##### RECORDED INFORMATION #####

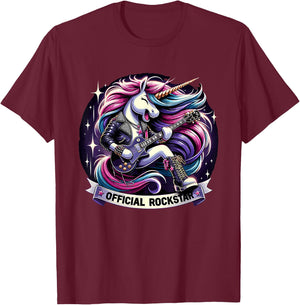 Funny Unicorn E-Guitar Rockstar Band official rockstar T-Shirt - T-Shirt | Maroon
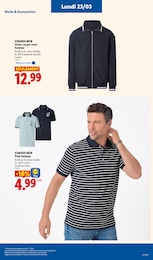 Prix et réduction Veste Homme dans le prospectus Lidl en cours Offre Veste Homme dans le catalogue Lidl du moment à la page 53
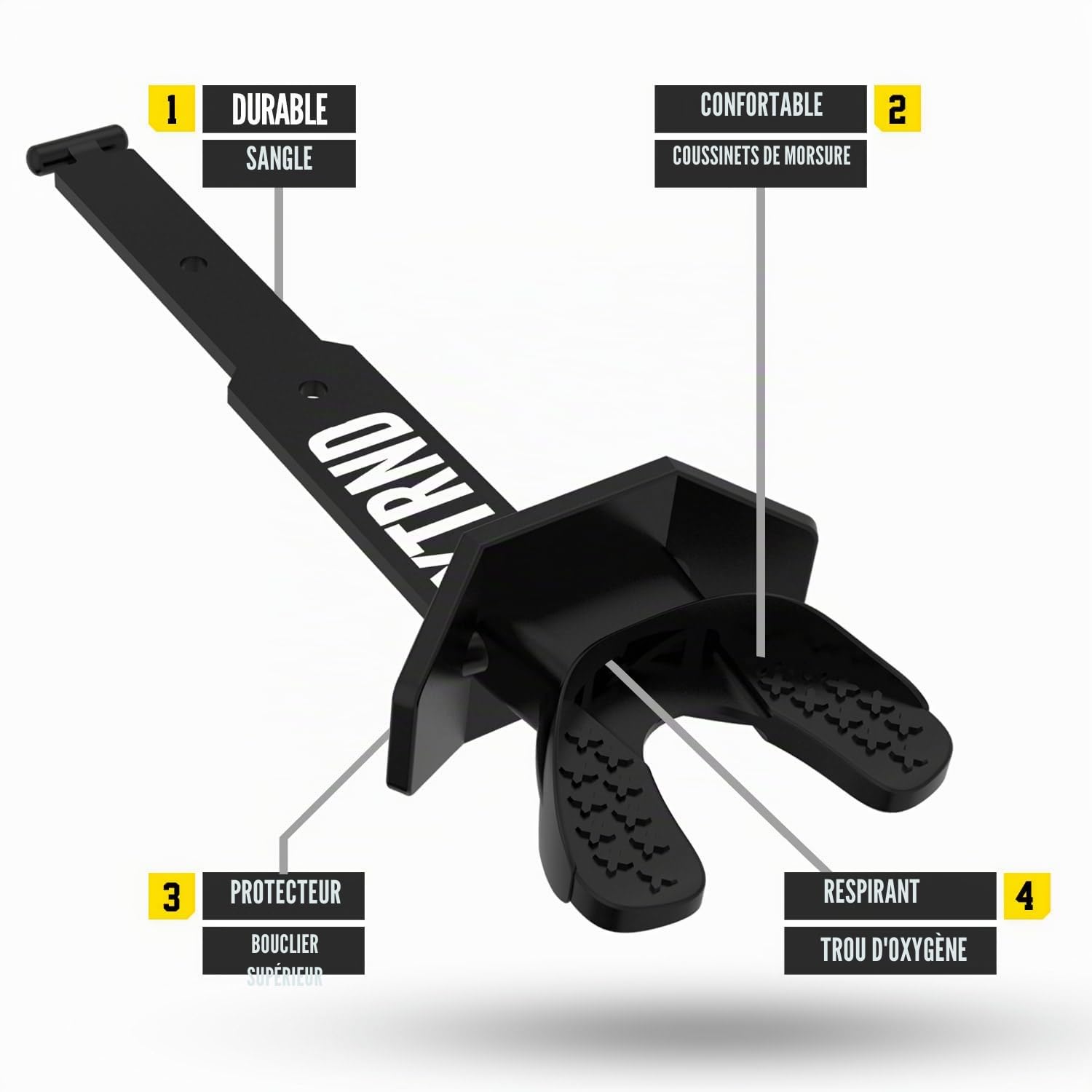 Nxtrnd Two Protège-Dents de Football pour Jeunes, Compatible avec les Appareils Dentaires, Sangle Connectée (Noir)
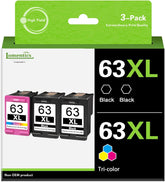 63XL Ink Cartridge Combo Pack (3 Pack, 2Black/1Tricolor) -Lomenti Compatible Ink Cartridges Replacement for HP 63XL Ink Cartridge for Envy 4520 4512 OfficeJet 3830 5258 DeskJet 1112 Printer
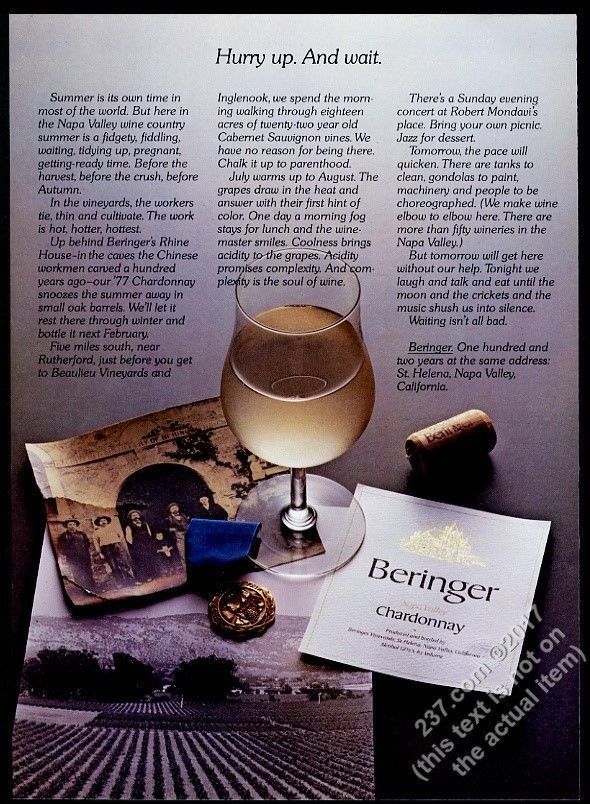 1978 Beringer Chardonnay wine photo vintage print ad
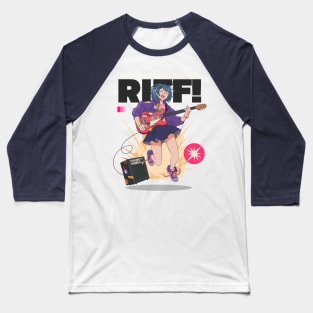 Anime Guitar Riff Girl Baseball T-Shirt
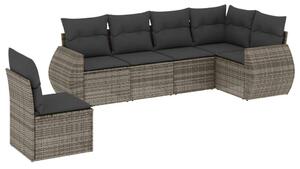 VidaXL 6 részes szürke polyrattan kerti ülőgarnitúra párnákkal
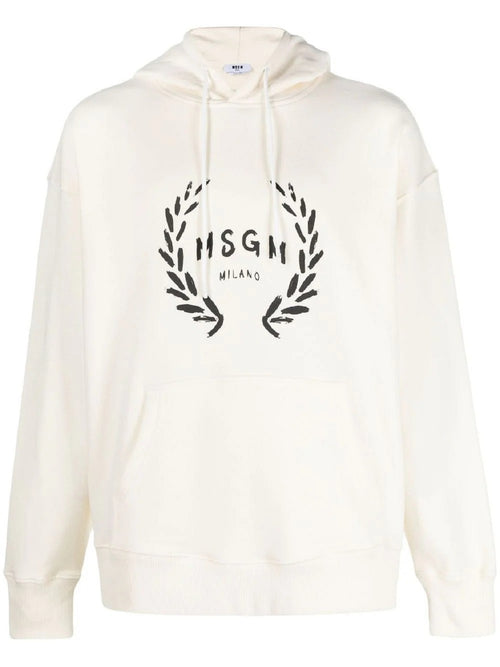 FELPA CREMA CON LOGO FANTASIA MSGM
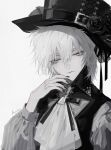  1boy 81kaia ascot bishounen black_flower black_nails black_rose black_shirt closed_mouth flower greyscale hat hat_flower highres long_sleeves looking_at_viewer male_focus monochrome nail_polish original rose shirt short_hair solo top_hat white_ascot white_background white_eyes white_hair 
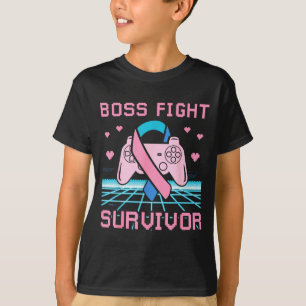 Thyroid Cancer Awareness Boss Fight Survivor Gamer T-Shirt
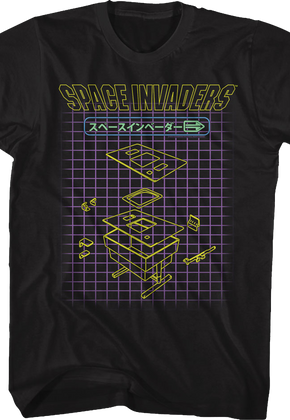 Japanese Grid Space Invaders T-Shirt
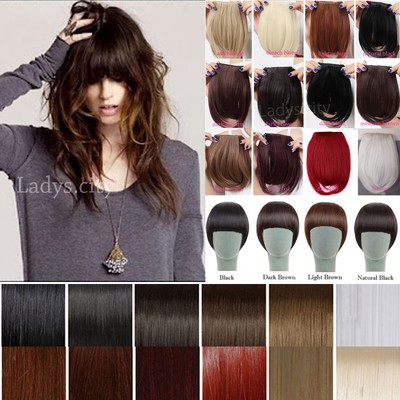 Fahion Lady Front Bangs Blonde Brown Straight Fringe Clip In Hair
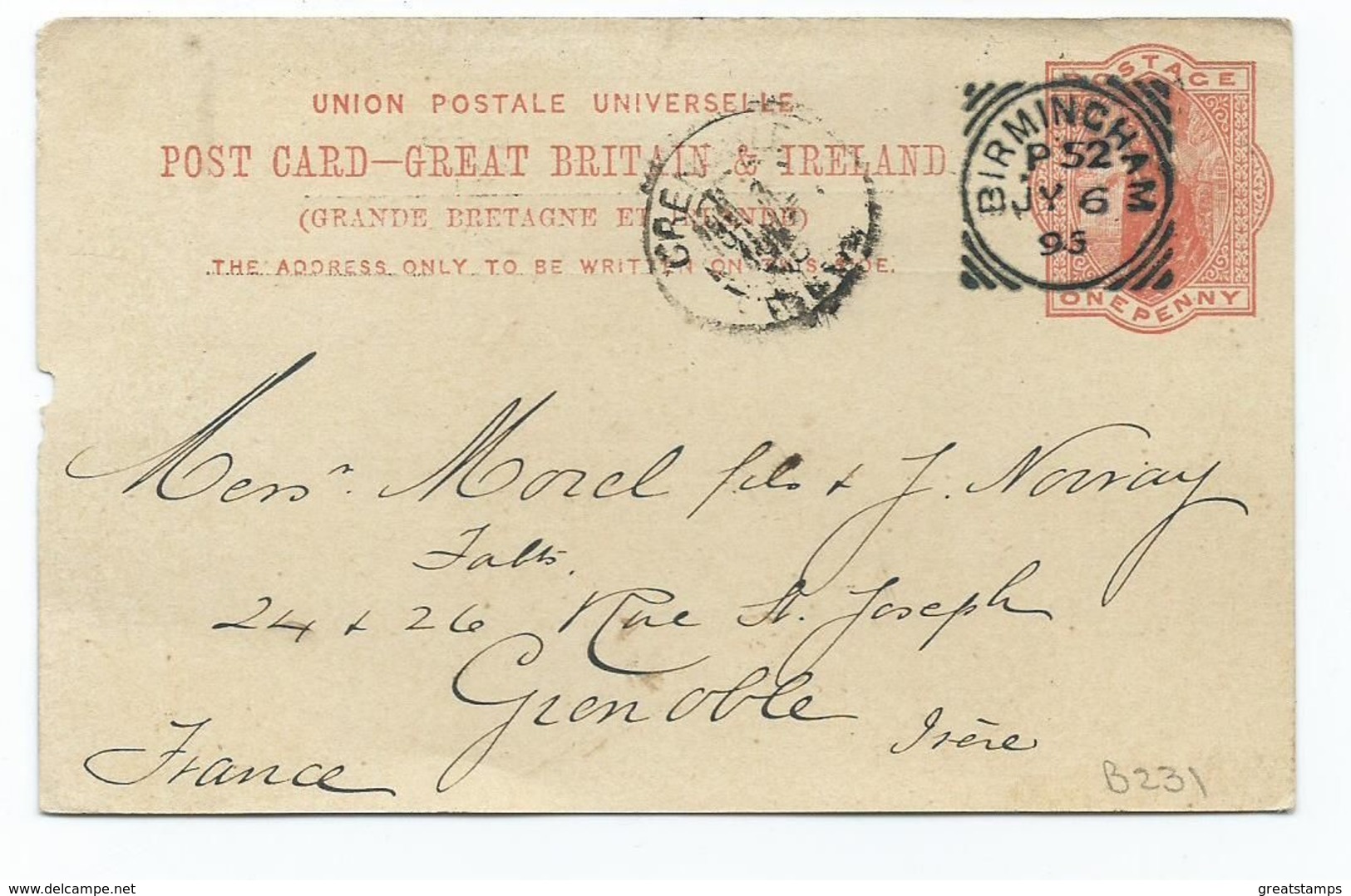 Great Britain Victoria 1d Orange Prepaid Postcard Birmingham P52  Clear And Crisp Squared Circle Posted 1895 - Storia Postale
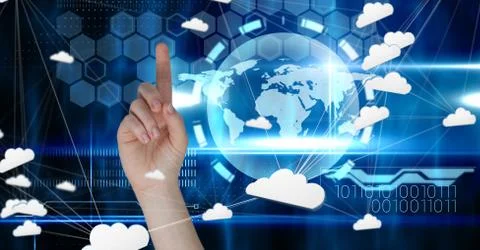 Hand touching 3D cloud connected icons 스톡 사진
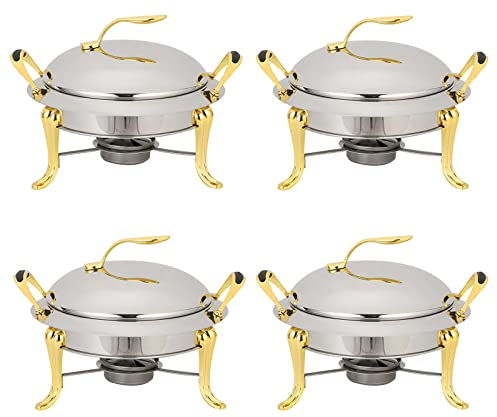 3L Chafing Dish Set, Full Size Stainless Steel Round Buffet Server with Pans, Lid and Fuel Holders, for Catering Party Wedding Dinner Food Warmer (2/3/4/6 Pack),Gold,4 Pack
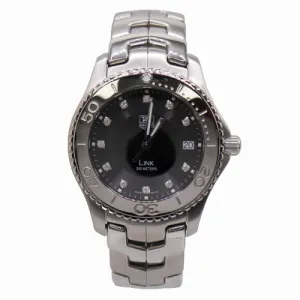 TAG Heuer Men's Link Stainless Steel 39mm Black Diamond Dial Watch Reference #wj1113.ba0575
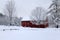 Snowy Winter Barn In New England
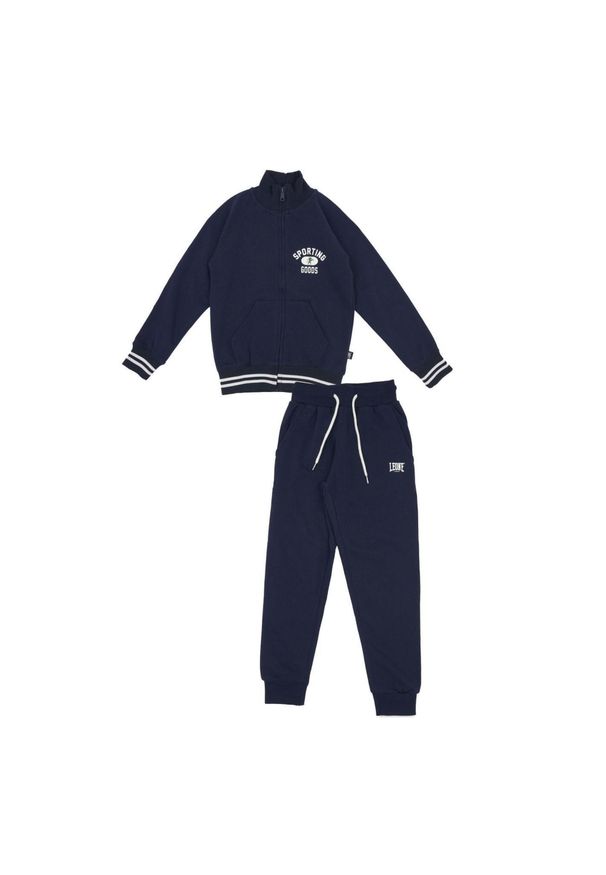 LEONE 1947 APPAREL - Dres dziecięcy z kołnierzykiem i nadrukiem „Sporting” College. Okazja: na uczelnię. Kolor: niebieski. Materiał: dresówka. Wzór: nadruk. Styl: sportowy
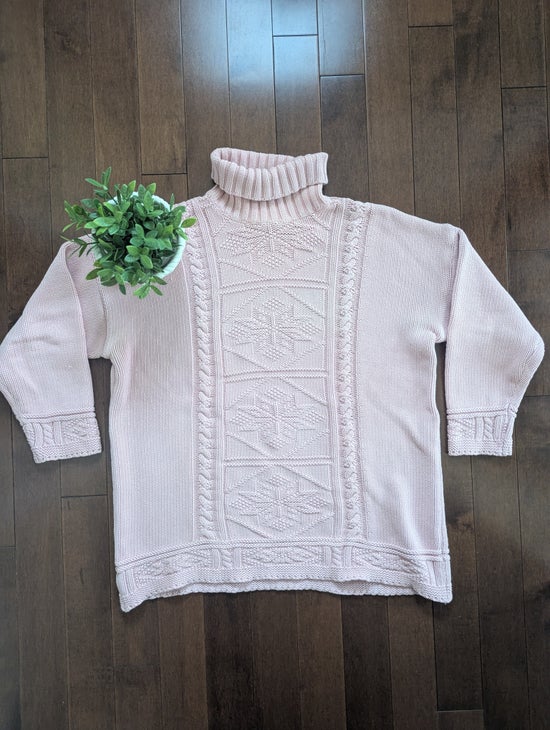 COTTON GINNY PINK SNOWFLAKE VINTAGE 1990s KNIT TURTLENECK SWEATER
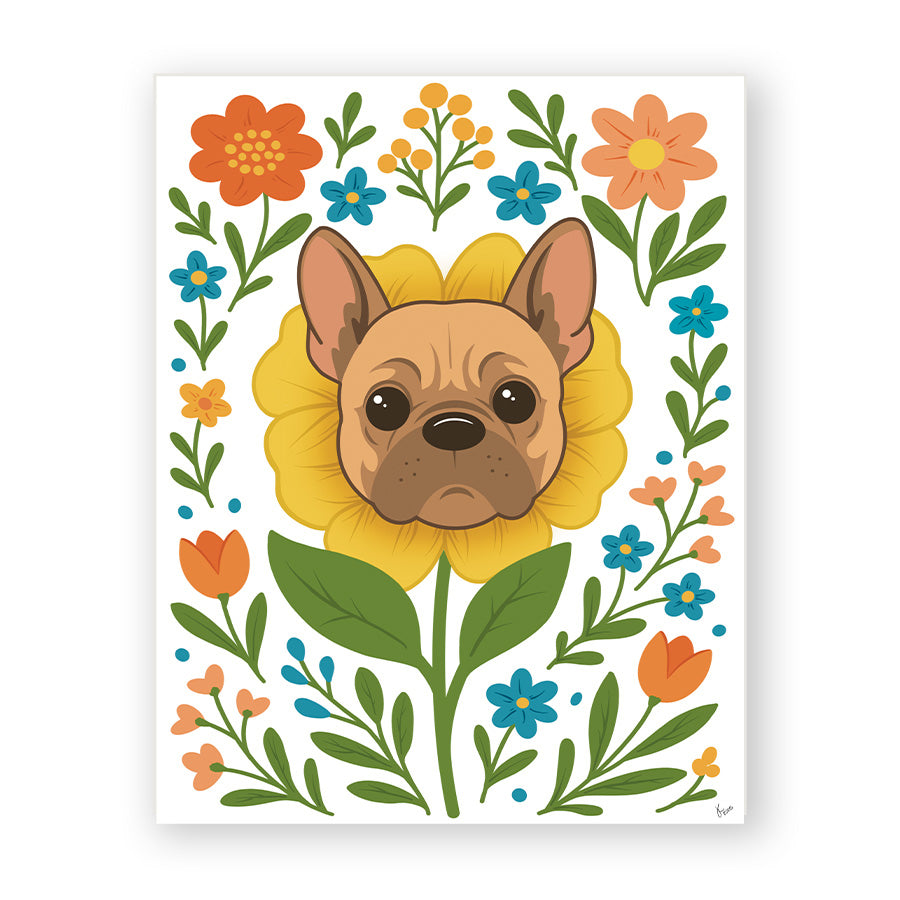 French Bulldog Floral 8x10 Art Print – Original Artwork, Premium Pet Lover Wall Décor Gift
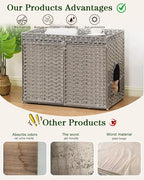 SETVSON Cat Litter Box Enclosure Furniture, Handwoven PE Rattan, Gray | Large Double-Door PE Rattan Kitty House, Fits Large Covered Litter Boxes, 2 Litter Mats, 2 S-Hooks, Metal Frame
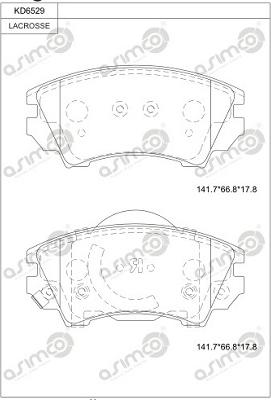 Asimco KD6529 - Brake Pad Set, disc brake autospares.lv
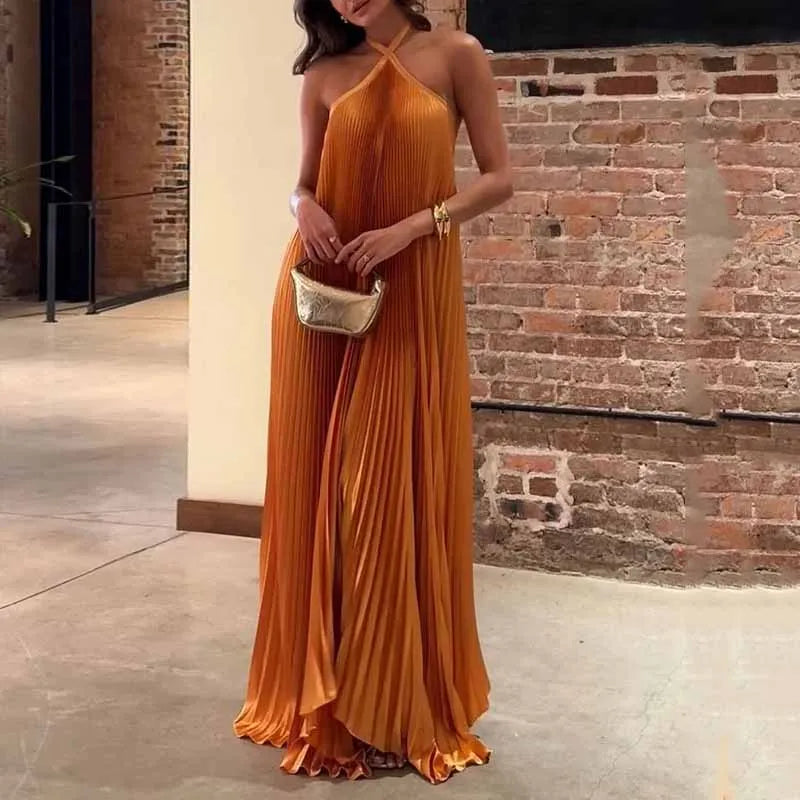 Aria | Elegant Pleated Halter neck Maxi Wedding Guest Dress 0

#####

WHAT YOU SHOULD DO:
The answer must be an exact copy of the lines from the start of the records above through the line containing "Hand touching 3D cloud connected icons 스톡 사진", with no pictures in it.

YOUR SOLUTION:
 Funny Unicorn E-Guitar Rockstar Band official rockstar T-Shirt - T-Shirt | Maroon
 Prix et réduction Veste Homme dans le prospectus Lidl en cours Offre Veste Homme dans le catalogue Lidl du moment à la page 53
 Nxtrnd Two Protège-Dents de Football pour Jeunes, Compatible avec les Appareils Dentaires, Sangle Connectée (Noir)
 63XL Ink Cartridge Combo Pack (3 Pack, 2Black/1Tricolor) -Lomenti Compatible Ink Cartridges Replacement for HP 63XL Ink Cartridge for Envy 4520 4512 OfficeJet 3830 5258 DeskJet 1112 Printer
 1978 Beringer Chardonnay wine photo vintage print ad
 Anime Guitar Riff Girl Baseball T-Shirt
 VidaXL 6 részes szürke polyrattan kerti ülőgarnitúra párnákkal
 FELPA CREMA CON LOGO FANTASIA MSGM
  1boy 81kaia ascot bishounen black_flower black_nails black_rose black_shirt closed_mouth flower greyscale hat hat_flower highres long_sleeves looking_at_viewer male_focus monochrome nail_polish original rose shirt short_hair solo top_hat white_ascot white_background white_eyes white_hair 
 Thyroid Cancer Awareness Boss Fight Survivor Gamer T-Shirt
 Japanese Grid Space Invaders T-Shirt
 Fahion Lady Front Bangs Blonde Brown Straight Fringe Clip In Hair
 Great Britain Victoria 1d Orange Prepaid Postcard Birmingham P52  Clear And Crisp Squared Circle Posted 1895 - Storia Postale
 Hand touching 3D cloud connected icons 스톡 사진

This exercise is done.